Hal ini juga berkaitan dengan pemisahan agama dari lini kehidupan sehari-hari, sehingga agama bukan lagi dijadikan patokan utama pengambilan keputusan maupun acuan untuk melakukan segala sesuatu.
Banyak yang memaklumkan bahwa faktor ekonomi cukup menjadi alasan seorang suami istri mengalami ketidakcocokan sehingga berujung terjadinya kekerasan. Ada Pula yang berspekulasi bahwa seorang istri bisa saja tidak menjalankan hak dan kewajibannya sehingga wajar saja jika suaminya marah dan terjadilah hal yang tidak diinginkan tersebut.
Padahal, dalam hal ini, jika seorang suami memahami akan hakikat dirinya sebagai qawwam, maka ia tidak akan semena-mena kepada istrinya. Begitupun sebaliknya, jika seorang istri menjalankan tugasnya sebagai umm wa robbatul bait dengan baik dan memberikan hak-hak kepada suaminya, dan itu semua dilandasi pada pemahaman agama yang mumpuni, maka hal-hal seperti permasalahan ekonomi atau yang lainnya tidak akan dengan mudahnya menjadi alasan adanya kekerasan di dalam sebuah rumah tangga.
Pertanyaannya, apakah suami dan istri, telah dipastikan oleh negara, sebagai institusi tertinggi yang bertanggung jawab bahwa mereka memahami hal ini dengan baik? Tentunya tidak. Peran negara tidak ‘difungsikan’ sejauh itu.
Hal ini menjadi makin tidak terelakkan karena dukungan sistem yang menjadi tonggak utama pemisahan agama dari pengaturan kehidupan sehari-hari. Dan memang begitulah tujuan dari sekularisme yang diusung oleh kapitalisme sendiri.
Berbicara tentang pengaturan hidup yang mencakup keseluruhan lini kehidupan, Islam memiliki aturan sempurna yang mengatur segala urusan hingga interaksi dalam rumah tangga maupun dalam kehidupan umum bermasyarakat.

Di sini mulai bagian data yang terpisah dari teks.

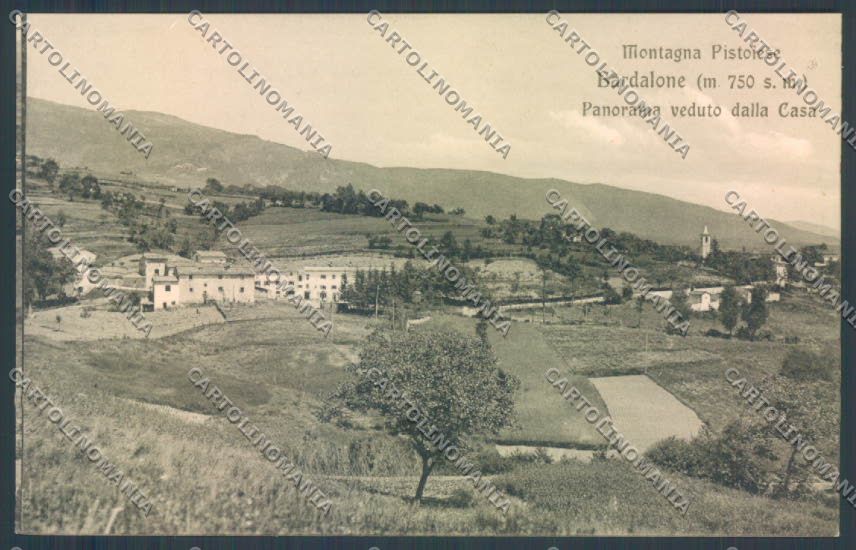 Pistoia San Marcello Pistoiese Maresca Bardalone cartolina ZB4583 – fronte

Di dalam Islam, lingkungan dan masyarakat yang baik menjadi angin segar kerukunan antar sesama yang juga berdampak baik pada kehidupan dalam lingkup sosial yang lebih besar, seperti dalam kehidupan bernegara.
Dalam kehidupan berumah tangga, Islam memiliki aturan yang telah teratur dan terstruktur tanpa mengabaikan fitrah dan hasrat utama manusia dalam menjalankan rumah tangga, dengan segala pernak-perniknya yang disusun sedemikian rupa, sehingga terwujud baiti jannati
Dalam lingkup sosial yang lebih besar, Negara pun akan mendidik Masyarakat, untuk menghadirkan kesadaran umum yang lebih luas, agar mampu mengendalikan dirinya dan lingkup sosial di lingkungannya agar semua berjalan baik, tidak membahayakan jiwa.
Sehingga jika ada beberapa kelompok kecil yang terlihat tidak pada aturan yang telah diketahui bersama, maka negara melalui masyarakat yang telah dibentuk kesadarannya dapat dengan mudah ber-amar makruf nahi mungkar.